Wednesday, November 2, 2011

FACE BOOK MAKES ME FEEL LIKE SHIT :(


I went to an all woman's college in Upstate New York or what I thought was upstate because I got lost the first time visiting and it took me over 2 hours to get there. Anyway, they say women flourish educationally in a same sex classroom environment and that's why I chose my Alma Mater- not because hot local guys flocked to the hill in bus loads to see the new Freshman in town and definitely not because I would meet hot West Point Cadets.

At this school I spent the most wonderful years of my life; feeling grown up, meeting my future ex-husband (not a West Point Cadet), going through life changing experiences, and meeting wonderful women whom I thought would be in my life the rest of my life.
I had great roommates and floor-mates and did crazy things together. We drank too much together, met guys, fell in love and got each other through break ups. I loved these women as my sisters and had a lot of them in my wedding party.


             
I met my husband-to-be at a local college bar (where else are college students supposed to meet people- am I right?) Anyway, it was a regular love affair where I was loved by his family and he was hated by mine. I guess that you could say that by today's standards it was a short engagement- we were together less than 2 years from the day we started dating to the day we got married. I thought I was happy. Exactly like Kim Kardashian, I got caught up in designing my own dress and making all the preparations, I also donated the 18 million dollars I received to my favorite charity :/
...Anyway, I was so caught up that I didn't notice or really ignored all the comments from my bridesmaids. After the wedding or maybe even during the party I found out that my so called best friend commented on how my marriage wouldn't last very long and other sorts of horrible opinions. I don't know if the rest of them agreed or what happened but after the honeymoon no one came to visit and see my new house. No one met up with me after work for drinks. No one congratulated me when my son was born 2 years later and no one consoled me when I got divorced. I did keep in touch with a couple of the the girls for awhile, Christmas cards every year until those too stopped coming.
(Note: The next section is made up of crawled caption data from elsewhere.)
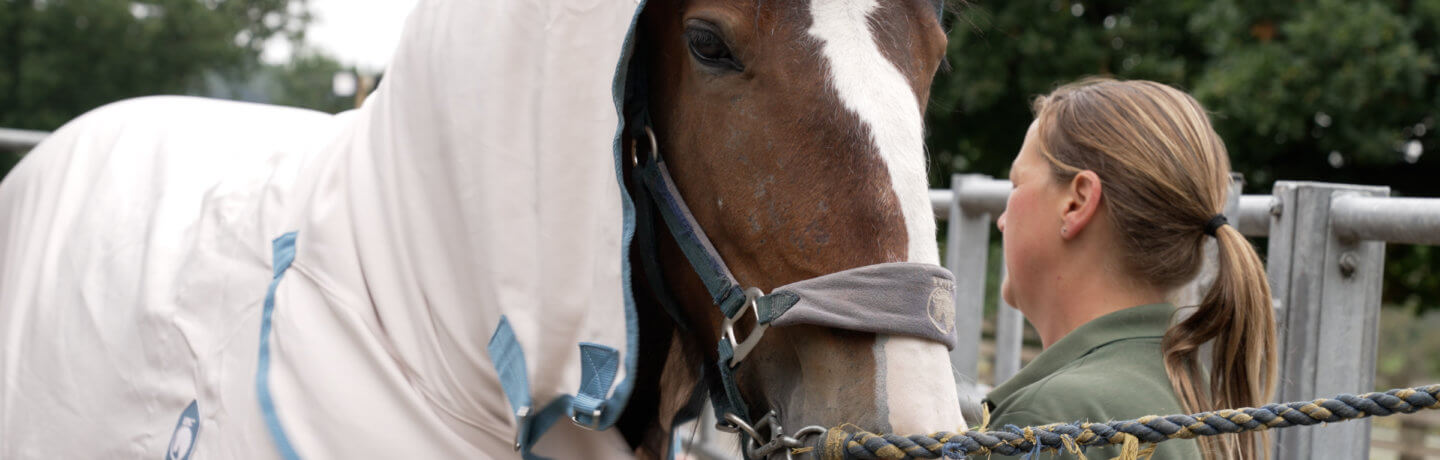 Photo of Blossom the horse wearing a coat and Ruth Burgess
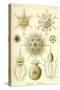 Phaeodaria Radiolaria-null-Stretched Canvas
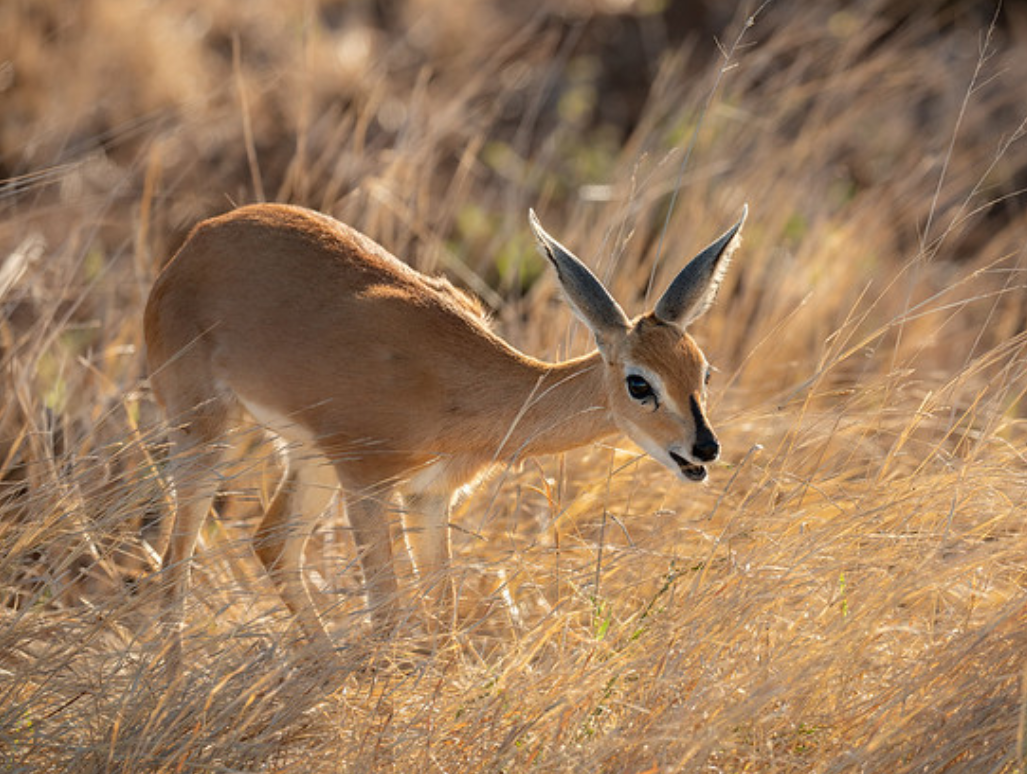 raphicerus campestris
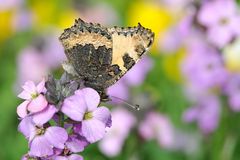 Kleiner Fuchs  (Aglais urticae) Seitenansicht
I finally came around to joining FB a few years ago mostly to keep in touch with family overseas but also to find people I really wanted to find. I search for people every once in awhile when I get nostalgic and consider befriending everyone again and then I come to my senses. Well, over the weekend after a few mojitos, nostalgia set in again and I found many of the girls I was friends with back in college and also found that they were all still friends with each other. They all visit each other and know each others' husbands and children. What gets me the most is that they are all spread out through out the country and still manage to keep in touch and see each other. Since so many years have gone by I felt that this year with all the changes I'm trying to make I would reach out and befriend at least the 2 people I kept in touch with the most- No regrets.
I got a very quick and excited response from both of them that made me feel great. They both said that they had been looking for me and were glad to finally see me on FB. I've since gotten a request from someone else I was never great friends with but whom I did know back then and secretly wished we were closer.
Know that we are friends, ( at least on FB- and that's for real yo) I have this deep feeling of failure once again. Reading all of these women's profiles and seeing that they are all married and have kids and have their own businesses makes me realize that I was the one who dropped out of life when I was going through my divorce. I was one of the first to get married and the first to get divorced and it was a great big check-mark for failure. I was embarrassed and felt like I wasn't enough, and in part, I still don't.I 'm glad I'm reconnecting but I'm also wary and cautious and feeling all the regret I swore I wouldn't feel.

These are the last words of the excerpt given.